Your reply should be a faithful copy of the records below, free of pictures.

**Records to use**

Start of Block

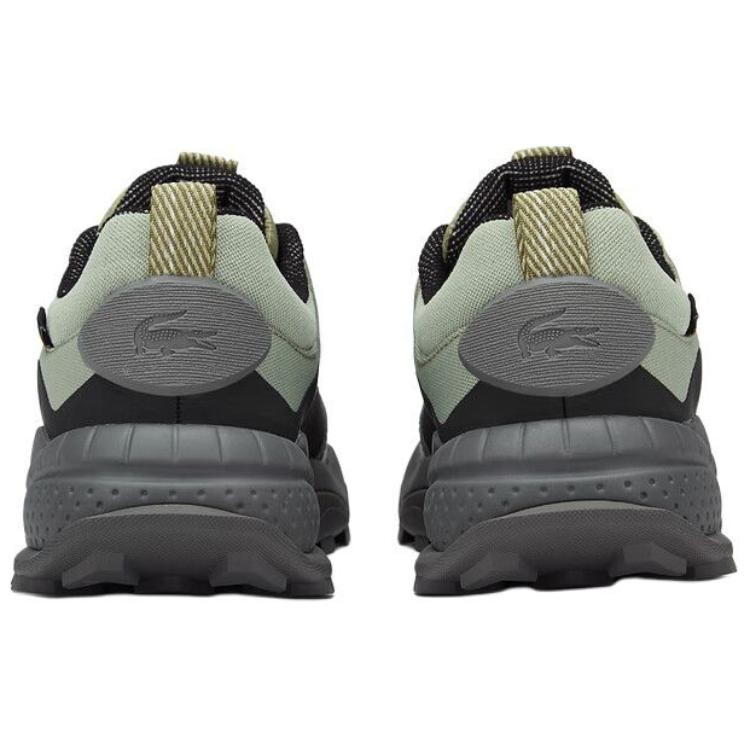 Кроссовки мужские Lifestyle Shoes Men Low-Top Lacoste, зеленый — фото 4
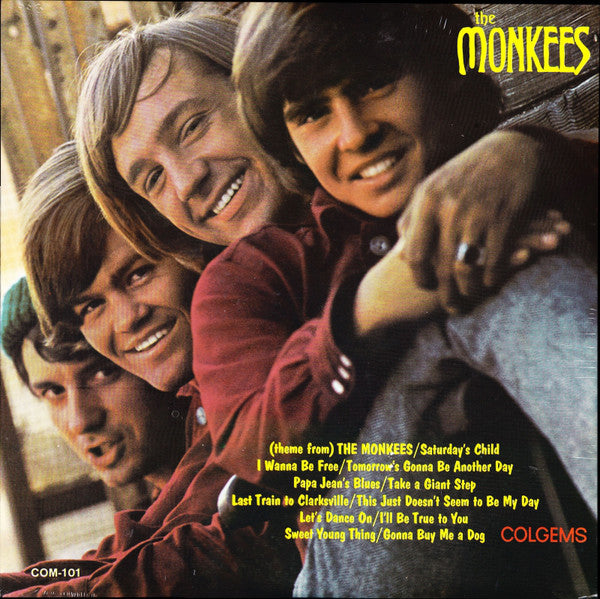 The Monkees : The Monkees (LP, Album, Mono, M/Print, Hol)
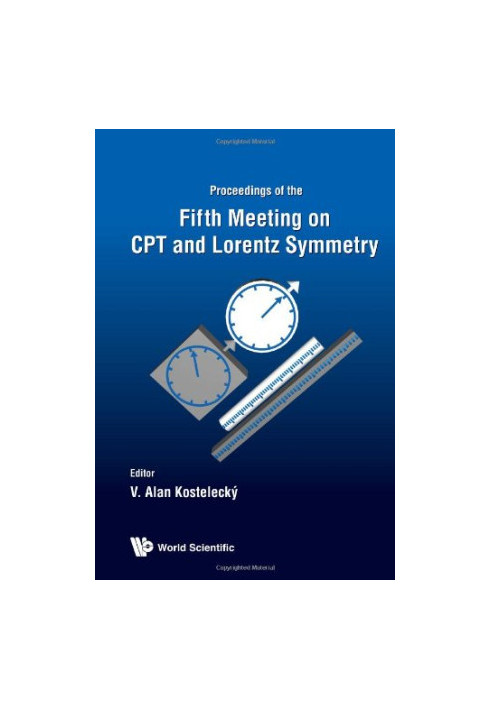 CPT and Lorentz Symmetry: Proceedings of the Fifth Meeting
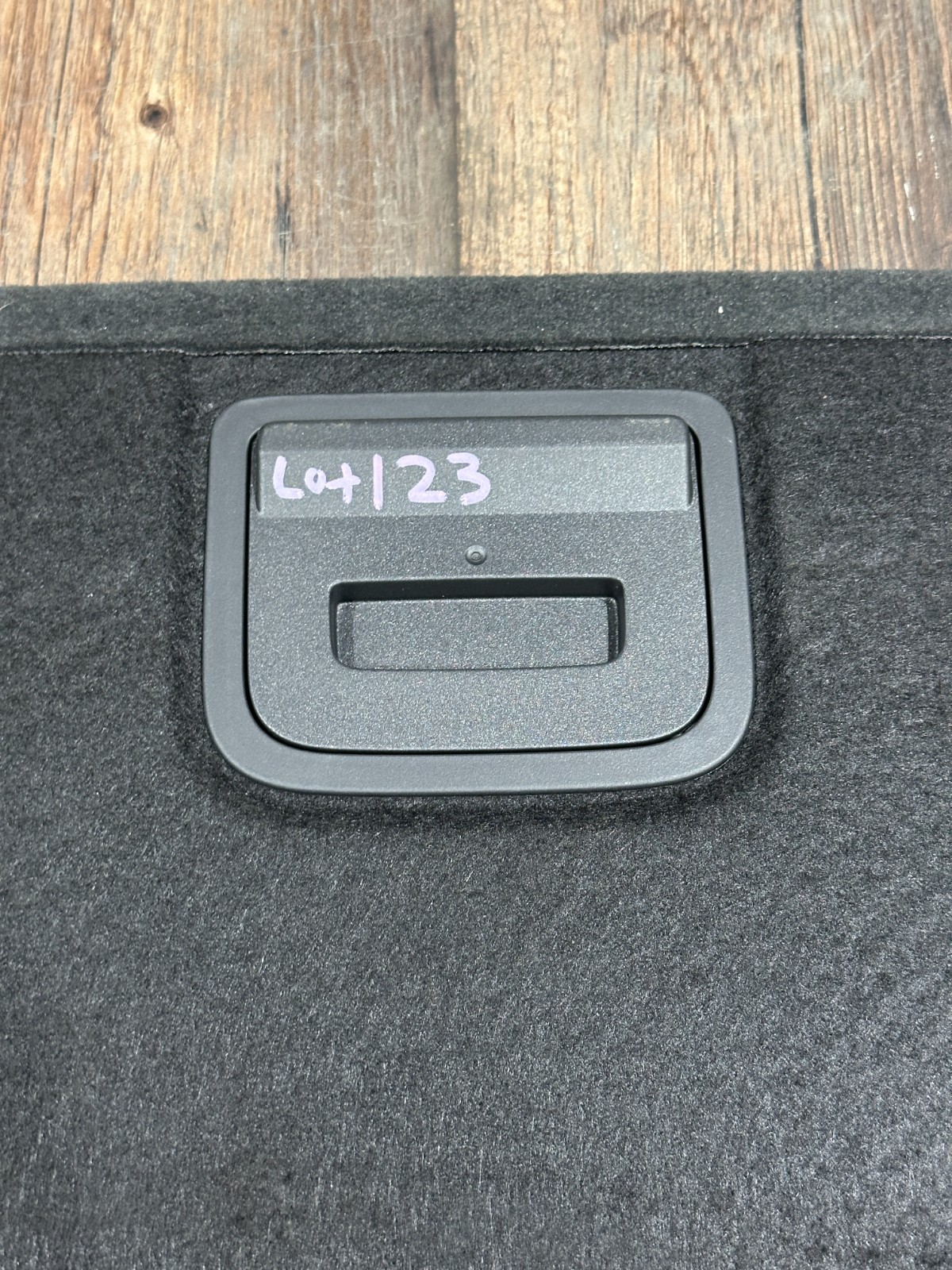 2018-2024 LAMBORGHINI URUS REAR TRUNK CARPET FLOOR ASSEMBLY OEM
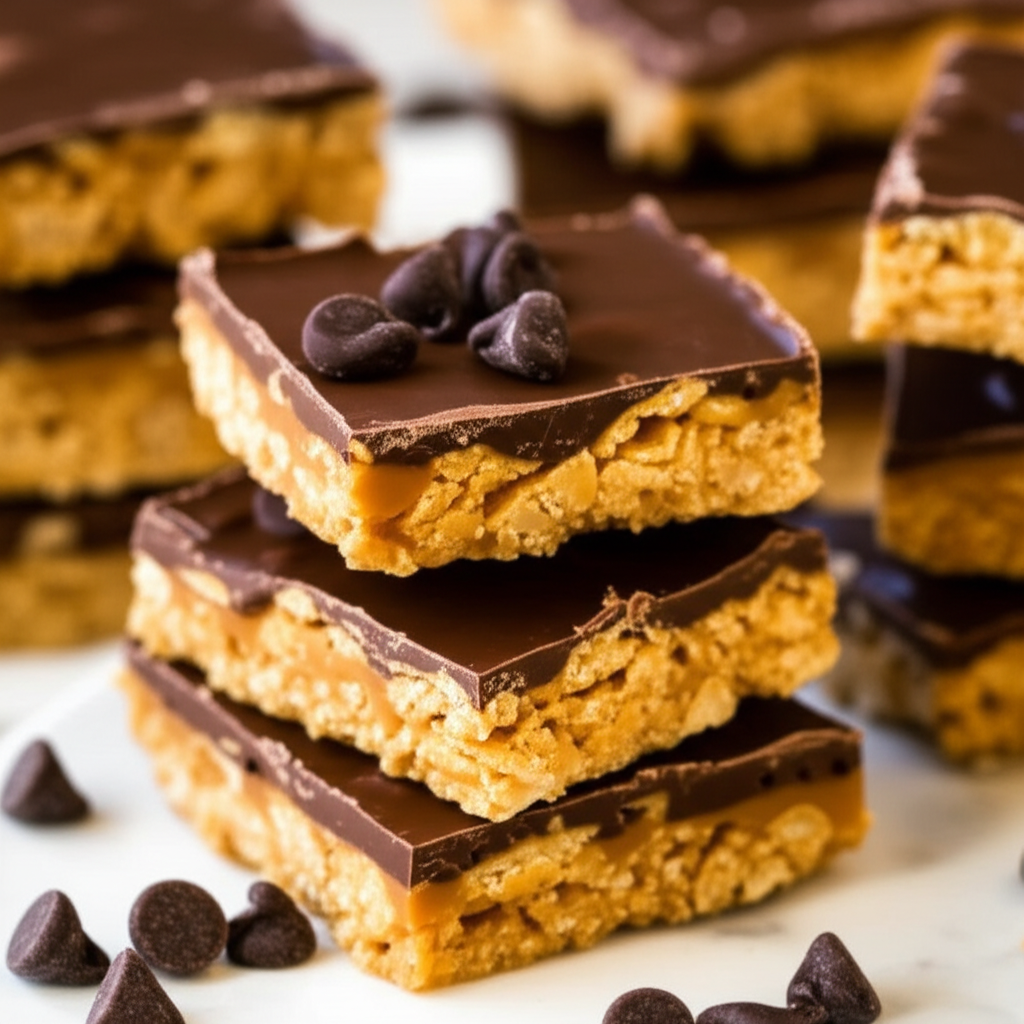 Baby Ruth Copycat Bars image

End of Block

**Output**
 Кроссовки мужские Lifestyle Shoes Men Low-Top Lacoste, зеленый — фото 4
 The Monkees : The Monkees (LP, Album, Mono, M/Print, Hol)
 CPT and Lorentz Symmetry: Proceedings of the Fifth Meeting
 2018-2024 LAMBORGHINI URUS REAR TRUNK CARPET FLOOR ASSEMBLY OEM
 Baby Ruth Copycat Bars image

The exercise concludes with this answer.